By Stephan Legrand and Jason Weigandt
Racer X: Where are we at today?
Trey Canard: We are at Reynard Raceway in Shawnee, Oklahoma about 20 minutes from my house. I like to mix it up a little. I have a couple of different tracks at home but it’s good to ride on a different track and get away from the normal. It’s fun here and the dirt is good.
Canard is currently training in Oklahoma in preparations for Anaheim 1.
What’s your schedule right now?
I’m doing a lot of riding. It’s my main focus right now. I’m making sure I’m fresh getting on the bike. I missed the last two years and a considerable amount of time. I feel like the endurance is there. I’m making sure not to get greedy going into Anaheim 1. It’s been a challenge for me in the past. You want to go faster and faster, you hit that wall, your crossed it and things happen.
Why not California?
I love it here. This is home to me. This summer I spent so much time here with my family and friends. It’s hard to leave. People here are so laid back. There is no stress, you go to the track, you bring your dog, you're still doing your work but there is no time restriction. Everyone cares about people and you miss a little bit of that on the West Coast. But I’m going to stay in California until Christmas for photo shoots and those little things. Like I said, it’s tough to leave but at the same time I’m anxious to ride with different people. It means Anaheim 1 is around the corner.
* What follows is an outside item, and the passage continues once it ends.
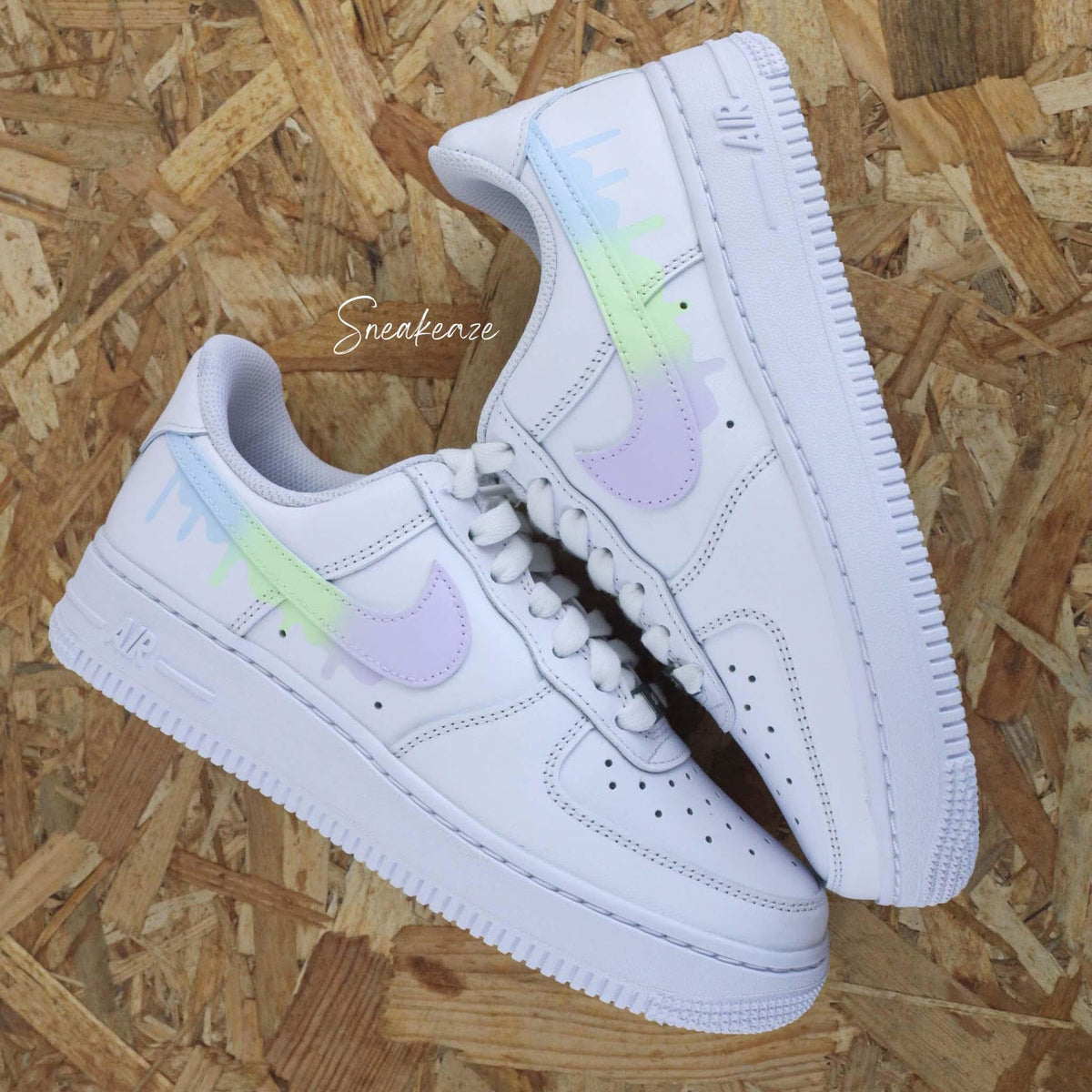 Custom Air Force 1 Drip sneakers pastel gradient flowing effect unisex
I’m looking forward to getting back to that.
Where do you think you stand against Villopoto, Stewart, Reed, Dungey, etc.?
It’s hard to say because I’ve been out of racing for so long. I haven’t raced at my full potential in a year and a half. It’s hard to say where I stand. I know riding with Justin Barcia was pretty good. He just won the Monster Cup. It helped me a lot. It was a marker to tell me where I stood.
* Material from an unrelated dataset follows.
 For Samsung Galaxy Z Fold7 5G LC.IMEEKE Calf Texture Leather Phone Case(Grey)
Do you still think about your crash?
I have memories about it but I don’t look at it like a bad thing. It’s almost a positive thing. I have peace about it. It gave me a lot actually. It gave me an outlook on things that I didn’t have before. I had time to spend with my family and friends. It allowed me to go to Africa and do all those things that I hadn’t time to do before.
What did you learn from it?
I learned several things during that injury, but one thing you do learn is that you lose friends. Your phone stops ringing, the magazine people don’t call you anymore. Especially you LeBig [Laughs]. I totally understand why. That’s the way it is. You start to learn who your true friends are. Our sport is vicious. You go from highs to lows so quickly. You can get forgotten quick or suddenly you can have a bunch of new friends. It’s a challenging thing. At the end of the day you understand that regular life is more important than everything else.
Canard is hoping to return to his 2011 level, which saw him challange for a championship.
So what's your condition right now? Are you back completely on your regular program, or still working your way back into that?
No, I feel like I'm pretty much on it like I used to be. If anything, I actually feel better than this time last year, because I had a broken collarbone at the time and didn't even race Anaheim 1.
So in other words, when we get to Anaheim this year, we're talking about the same old Trey Canard, not a rider who is trying to rebuild himself.
Well, I've always felt like I'm that guy! [Laughs] I've always been Trey Canard, it's just you guys that see me differently!
[Laughs] Yeah I get that. Okay, let's talk about something non-motocross related, then. Have you seen any movies lately?
Actually, I have. I recently watched Fried Green Tomatoes. I highly recommend it. Very good.